Here are some numbers for a troubled conscience to chew over. In the US, meat consumption by pets generates 64 million tons of CO2 annually. That’s the equivalent of driving 13.6 million cars. And if all the dogs and cats in America were a nation, it would be the world’s fifth largest in terms of meat consumption. That’s meat which could go to hungry humans. But doesn’t. Meanwhile, simply owning a big dog generates 2.5 tons of CO2 a year (twice as much as driving an average car).
Then there’s the other end of the animal. In the UK, dogs produce as much faeces as at least five million humans. This degrades ecosystems, poisons waters, harms wildlife and harbours toxic bacteria. It is as bad as the human and agricultural waste polluting our rivers; we just prefer not to think about it. Cat excrement, aside from fouling the environment, is laden with bacteria, fungi and parasites such as feline toxoplasmosis, which can cause human blindness, deafness, seizures, heart issues and mental disorders. It’s particularly menacing to pregnant women, babies and the immunocompromised.
This is no small matter: toxoplasmosis is regarded as a ‘leading cause of infectious foodborne death’ in the USA. Some historians even blame the late medieval witch craze on the same parasite – lonely old women who kept cats were more likely to be infested with the bug, then go half-mad, encouraging neighbours to allege witchery, and see them burned.
The list of pet negatives goes on. Think of all that land set aside to grow the food that feeds the pets. Millions of acres. Think of all the waste and CO2 created to make a billion pet toys. Think of the methane pets emit when they aren’t pooping the environment into oblivion: one British study estimated that the flatulent dogs of Sheffield alone produce 1,500 tons of methane a year.
Then there’s animal behaviour. In 2021, 7,400 people in the UK were admitted to hospital suffering from dog bites (a problem which is swiftly getting worse with grotesque breeds like American bully XLs). Say what you like about pampered travel writers, but we don’t go around savaging people in parks.
Consider, too, the intense destruction wrought on nature by domestic cats.
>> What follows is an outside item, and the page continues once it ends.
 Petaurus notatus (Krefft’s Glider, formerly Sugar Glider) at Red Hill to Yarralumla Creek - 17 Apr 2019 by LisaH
One study last year estimated that UK cats kill 160-270 million wild animals every year – a truly stupefying statistic. At least a quarter of these slaughtered creatures are birds.
The case is surely made. Pets are a tremendous drag on the planet, and it’s not like we even need them. Aside from a few exceptional cases – working rural animals, companions for people with severe loneliness, guide dogs for the blind – there is no logical justification for having a pet beyond sentimental reasons. Therefore, if you own a cat or a dog while still whining about ‘the environment’, you are that unpleasant thing: a hypocrite.
Of course, I am a hypocrite too. I claim to care about the environment while taking multiple flights. We are all selfish in our own way. But I reckon I am less of a hypocrite than most people, because most people own pets. And I don’t. Which means it is a rare moment for me to feel faintly superior, as I zip off to Brazil.